Anonymous Anonymous said...

I'd prefer not to respond to this post. Its noise is louder than any of its words, and it probably was designed to divide people into corners on the merit or "stuffiness" of one medium, say poetry, compared to the others.

You did say that it says something about you. And that is a valuable disclaimer. What much of poetry is not is boring. (And I say much because we still mostly enjoy, at least our ear enjoys, wonderful Carrollian lines like:

"`Twas brillig, and the slithy toves
Did gyre and gimble in the wabe:
All mimsy were the borogoves,
And the mome raths outgrabe.")

It is music, as you have mentioned in some far away post. Yet it means nothing.

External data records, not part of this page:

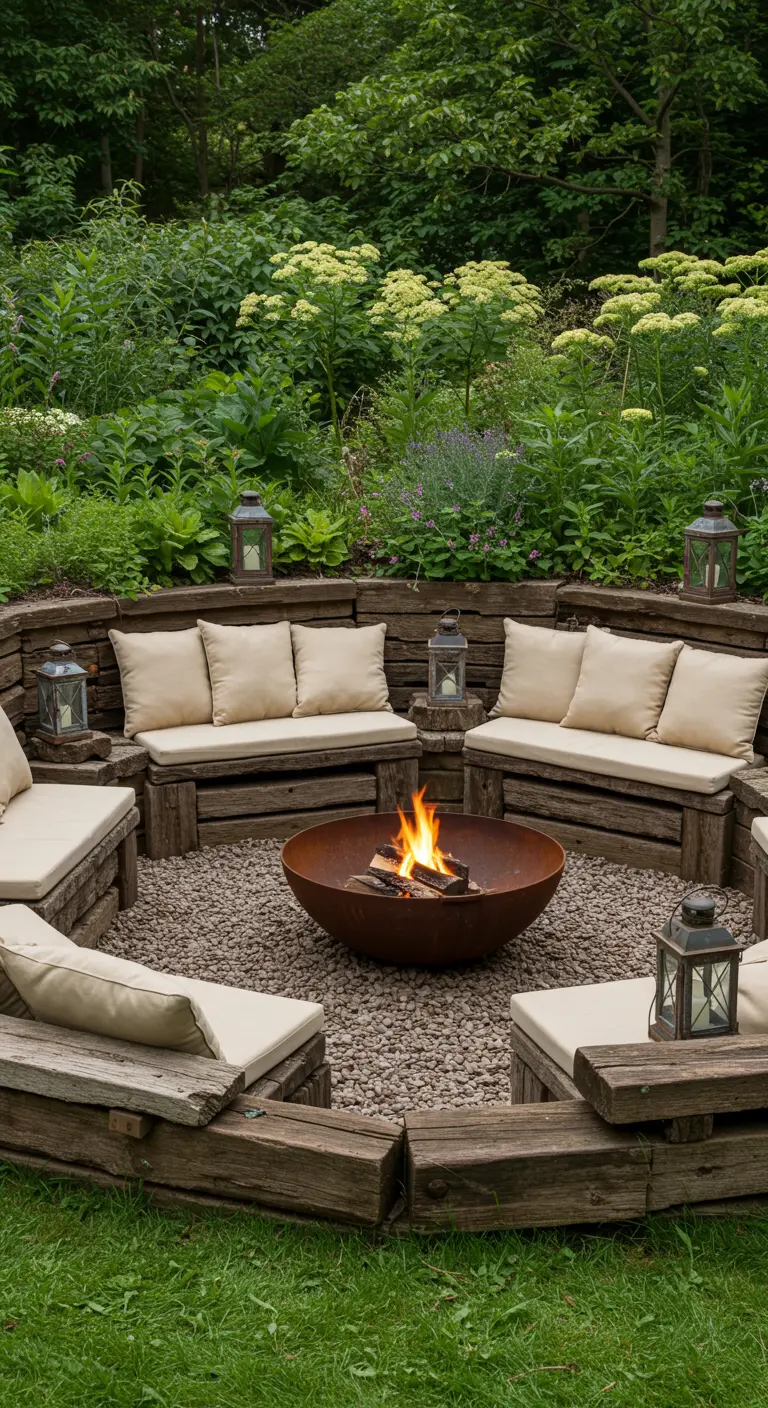 A circular fire pit surrounded by rustic wooden benches and lanterns in a garden.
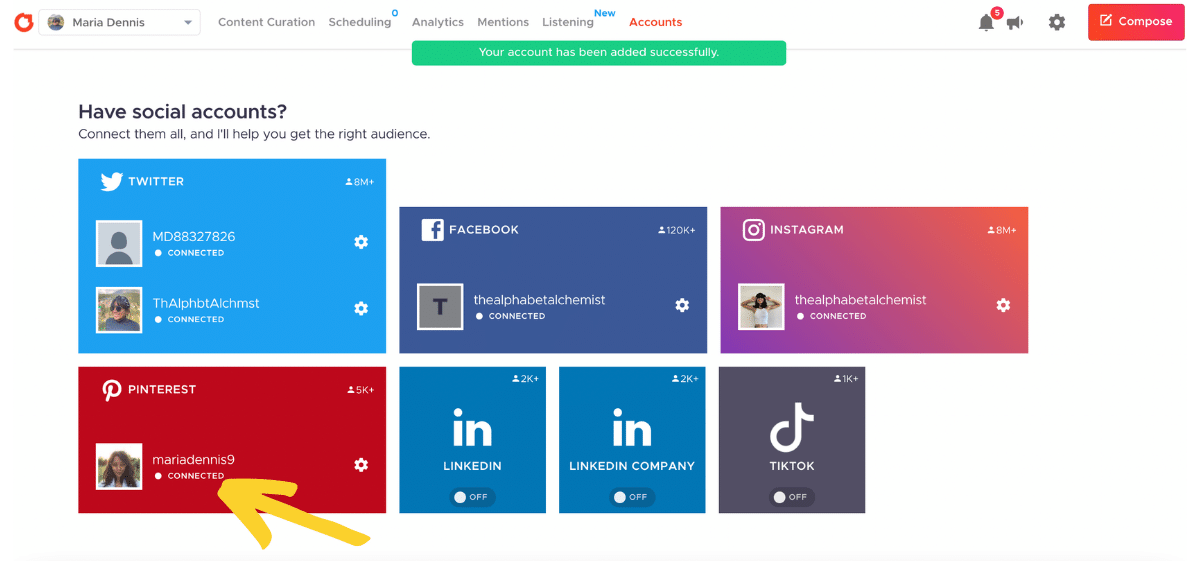 visual of connection pinterest account to crowdfire 4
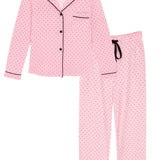KATIE J JUNIOR MAIA PANT LOUNGE SET - PINK MICRO DOT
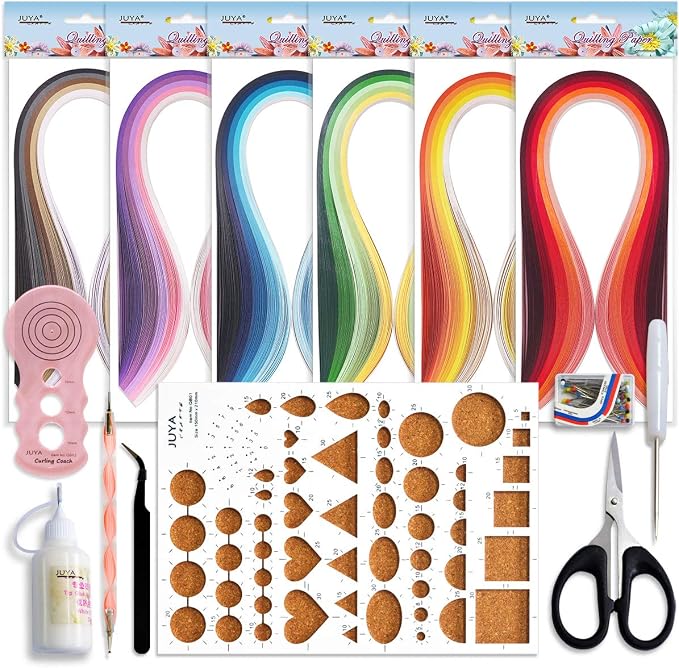 JUYA Paper Quilling Kits with 30 Colors 600 Strips and 8 Tools by JUYACrafts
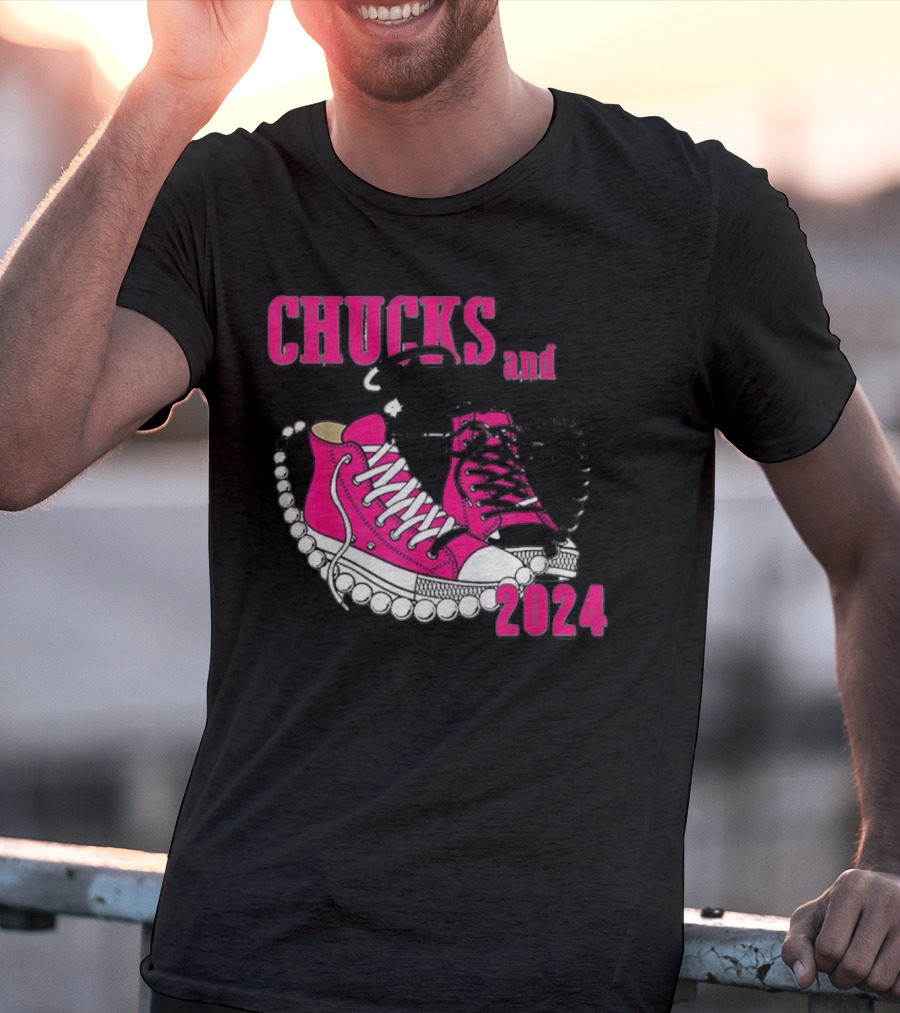 Chucks And Pearls Pink Sneakers T-Shirt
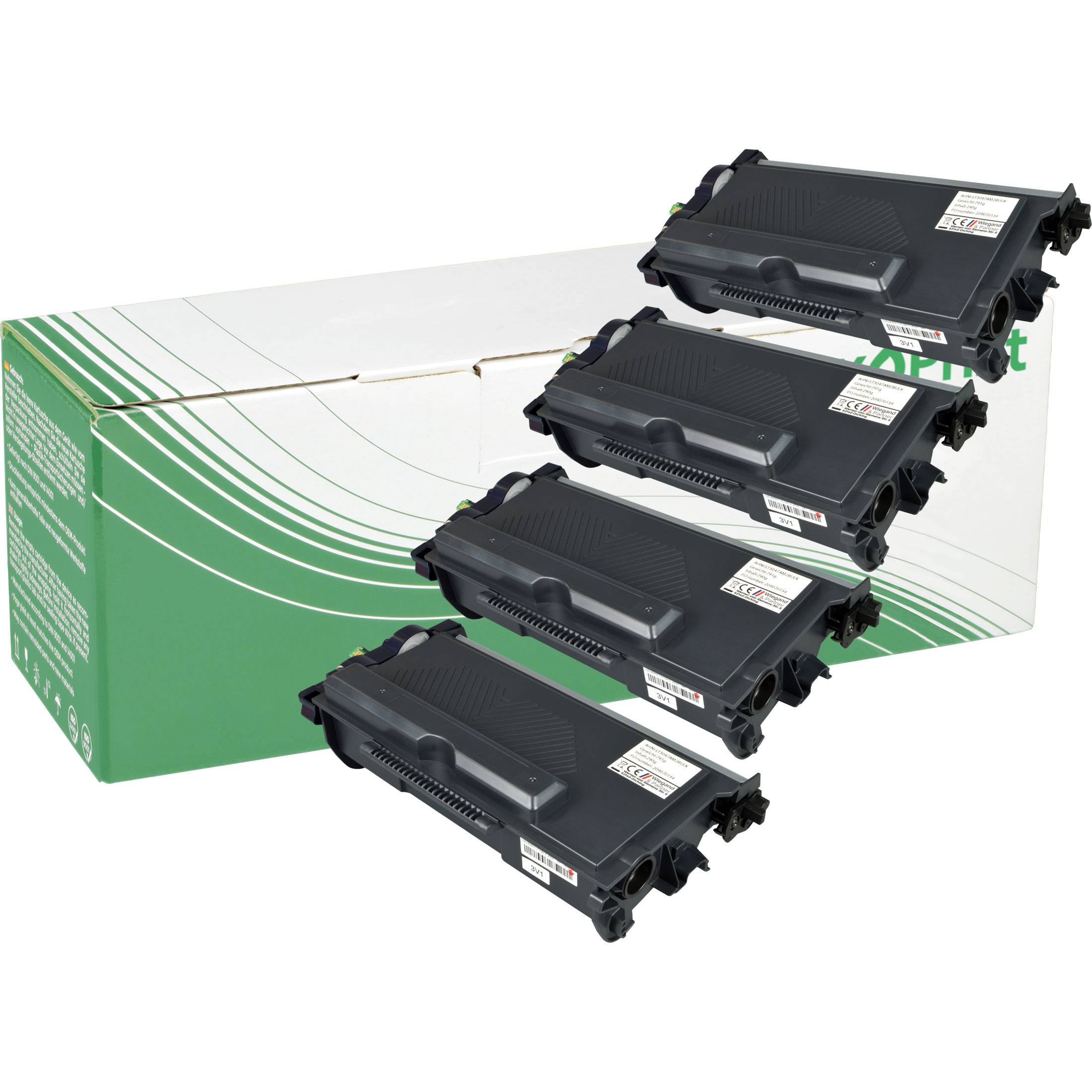 Vier schwarze Druckertoner-Kartuschen sind vor einer grün-weißen, teilweise sichtbaren Schachtel gestapelt.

But, yes, it is boring to have to possibly figure out allegory and metaphor (especially if you're not versed enough in things like art, literature, mythology, history and the like.) And what does that say? Is the game of chess boring? If you haven't taken the time to be any good, then, yes! Of course.

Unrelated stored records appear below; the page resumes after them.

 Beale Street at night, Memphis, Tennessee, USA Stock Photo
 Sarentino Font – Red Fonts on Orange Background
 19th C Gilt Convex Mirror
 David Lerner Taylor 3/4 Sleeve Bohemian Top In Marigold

Poetry, at its best, offers insight into unseen things. Not on first reading. Or perhaps second or third. Maybe not without doing some digging on something or another. It may tell you something of yourself, or of the author. And, yes, sometimes it is not easy. It does not give its meaning nor always spur reaction like a car chase scene where things blow up.

So then what's the point? (Note: collecting all verse into some abstract category of poetry is simplifying, no? So, I don't like Monet and suddenly paintings are boring?)

Poetry has never been academic. Shakespeare has never been unapproachable. If you enjoy reading, or thinking, or learning, or discovering, than poetry is a wonderful thing.

July 30, 2010 at 3:15 PM 
Blogger Sandy said...

I stand in the middle of the fissure created by accusations of stuffiness. I'd like to be a poetry reader, but it is difficult and I am weak. That does not mean I don't find poetry exponentially more worthwhile than other acts of boredom, however - and demanding that it "kick something that means something" is assuming 1) it isn't already and 2) it's discardable if uncomfortable or misunderstood.

I believe there's always time to find meaning and where a will, a way. Anything else reflects our own shortcomings.